RVO returns explicit and deterministic error responses.

Errors are never silent, implicit, or heuristic-based. Every rejected request includes a clear reason so applications can respond correctly without guesswork.


Errors returned by RVO fall into three broad categories:

  • Authentication errors
  • Limit and quota errors
  • Platform and upstream errors

Each category has different retry semantics.


Authentication errors occur when a request cannot be associated with a valid API key.

Common causes include:

  • Missing API key header
  • Invalid or malformed API key
  • Revoked API key
  • API key not associated with an active plan

Authentication errors are not retryable.

If you receive an authentication error:

  • Verify the X-API-KEY header
  • Confirm the key is active in the dashboard
  • Ensure the request is sent to the correct endpoint

Retrying the same request without fixing the cause will always fail.


Limit-related errors occur when a request exceeds the allowed boundaries for the API key.

This includes:

  • Sustained traffic above the allowed rate
  • Exceeding the configured usage quota

When a limit is reached:

  • The request is rejected immediately
  • No server-side retry is performed
  • The error response indicates the limit condition

Limit errors may be retryable, depending on your traffic pattern.

Applications should:

  • Apply exponential backoff
  • Avoid immediate retries
  • Reduce request concurrency if limits are reached frequently

Persistent limit errors indicate that the workload has outgrown the current plan.

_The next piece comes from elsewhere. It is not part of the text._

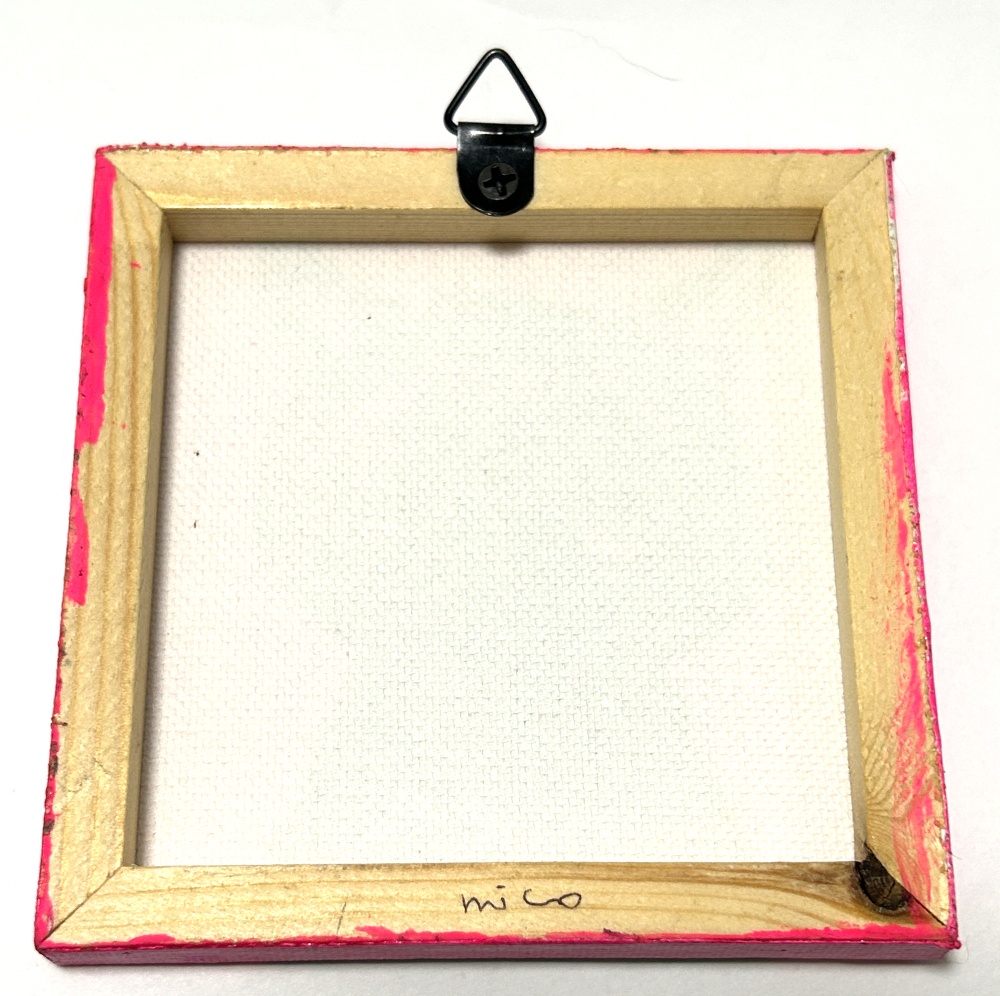 困ったちゃん ピンク ミニアクリル画 キャンバス10×10cm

Platform errors represent temporary failures within the RPC infrastructure or upstream dependencies.

Examples include:

  • Transient network failures
  • Temporary RPC node unavailability
  • Internal processing errors

These errors are typically retryable.

Retries should:

  • Use exponential backoff
  • Include jitter to avoid retry storms
  • Respect existing rate limits

RVO does not automatically retry failed requests on behalf of clients.


Retry behavior is always the responsibility of the client.

RVO does not:

  • Queue failed requests
  • Retry requests automatically
  • Mask transient failures

This ensures request behavior remains explicit and observable.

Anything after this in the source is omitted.